Assignment 03A: Comunidad Verde: Updated

Assignment 03A: Comunidad Verde: Updated

Project Definition

A challenge of the urban environment in Barcelona is a lack of infrastructure to efficiently manage water when it is most scarce and abundant. New green infrastructure surrounding the management of water resources could be used to facilitate resident engagement and create social cohesion in the face of gentrification. Low-income communities and low-income members of all communities in Barcelona are those most affected by a scarcity of resources and displacement due to gentrification. This project is socially important because it strengthens intra-community relationships and connections to the natural world. Ecologically, this project increases the resiliency of water infrastructure in the face of accelerating extremes caused by climate change.

 

Literature Review

1. Reading: Towards a Self-Sufficient Habitat, by Vicente Gaullart

Quote:

“The application of these structures, the construction of the physical world, promote the development of self-organized structures designed to self-sufficiency, able to create and improve quality of life, and consume fewer resources” (Guallart).

Summary: 

Vicente Guallart’s article “Towards a self-sufficient habitat” asserts that new architecture and urban design should distribute resources, modes of production, and modes of consumption to create self-sufficiency at multiple urban scales. In our current society, these things are not equally distributed. Guallart describes a well-distributed model as superior to a non-distributed system because it will consume fewer resources while improving the “quality of life” of the people. Many global environmental issues, such as climate change, mass extinction, and resource degradation, are caused by human overconsumption. The consumption of fewer resources as the result of the implementation of a distributed system therefore has obvious positive environmental impacts. 

Discussion:

The proposal for increasing vegetation in both public and private spaces on Barcelona’s streets follow’s Guayart’s recommendation for creating a distributed model.  The implementation of vegetation on privately owned walls, terraces, and windowsills in Barcelona would require distributed accion and investment from property owners and residents throughout the city. The positive impacts of such an implementation (cleaner air, a more beautiful city, etc.) would be similarly distributed. This idea of distribution will also be achieved through the selection of a location lacking public services and green space for the implementation of this urban design intervention. 

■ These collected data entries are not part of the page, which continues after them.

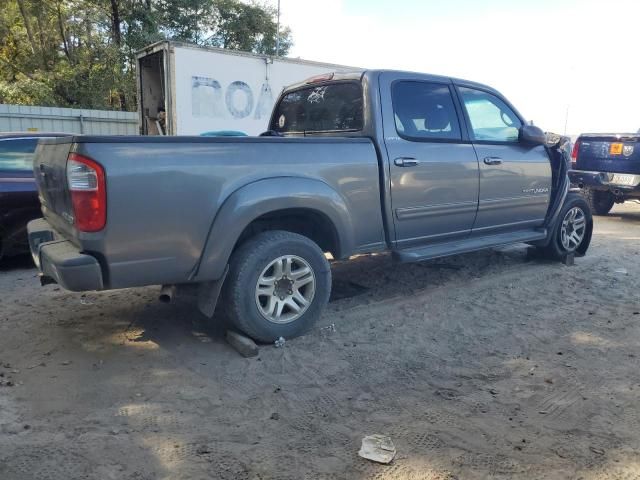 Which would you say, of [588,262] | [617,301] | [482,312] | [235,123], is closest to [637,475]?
[482,312]

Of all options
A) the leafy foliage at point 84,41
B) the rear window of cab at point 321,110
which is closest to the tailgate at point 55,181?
the rear window of cab at point 321,110

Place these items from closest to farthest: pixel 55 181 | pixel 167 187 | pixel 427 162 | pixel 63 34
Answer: pixel 167 187 → pixel 55 181 → pixel 427 162 → pixel 63 34

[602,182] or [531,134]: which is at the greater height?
[531,134]

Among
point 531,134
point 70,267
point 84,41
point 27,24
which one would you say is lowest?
point 70,267

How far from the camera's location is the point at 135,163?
118 inches

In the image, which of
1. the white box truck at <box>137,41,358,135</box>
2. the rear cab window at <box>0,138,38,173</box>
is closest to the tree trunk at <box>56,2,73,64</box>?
the white box truck at <box>137,41,358,135</box>

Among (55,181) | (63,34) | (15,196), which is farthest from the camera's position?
(63,34)

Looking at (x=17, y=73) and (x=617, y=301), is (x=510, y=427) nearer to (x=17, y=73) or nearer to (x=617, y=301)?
(x=617, y=301)

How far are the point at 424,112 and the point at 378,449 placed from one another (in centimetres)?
296

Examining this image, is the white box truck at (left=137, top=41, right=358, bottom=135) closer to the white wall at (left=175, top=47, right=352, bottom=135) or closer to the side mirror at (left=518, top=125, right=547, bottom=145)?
the white wall at (left=175, top=47, right=352, bottom=135)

2. Reading: Not Unlike Life Itself: Landscape Strategy Now by James Corner

Quote:

“Now, not wanting to return to hierarchical societies and wanting instead to more fully, effectively, innovatively engage urban public life in the realization of complex projects, how exactly might one act professionally?”

Summary: 

In this quotation, Corner describes the underlying philosophy of a participatory design process in which community members and stakeholder actively participate in take part in the decision making. Corner implies that this design process is desirable because it counteracts hierarchical power dynamics that can be created when a designer imposes change on a community without their consent, input, or engagement. 

Discussion: 

In this quotation, Corner presents a strategy that can be used to counteract societal inequalities in the design process. This is directly applicable to the goal of reducing social divisions and inequalities which is a key part of this project. The strategy presented in this project of creating public spaces in gardens where community members can directly take ownership and control allows those community members to take ownership over the design process and the physical space in the city. Inherent in this project proposal, and in Corner’s writing, is the idea that interventions on the part of the designer leave space for the decisions of community members and users of the space. By doing so, this design aims to follow Corner’s philosophy of remaining open to growth and change over time.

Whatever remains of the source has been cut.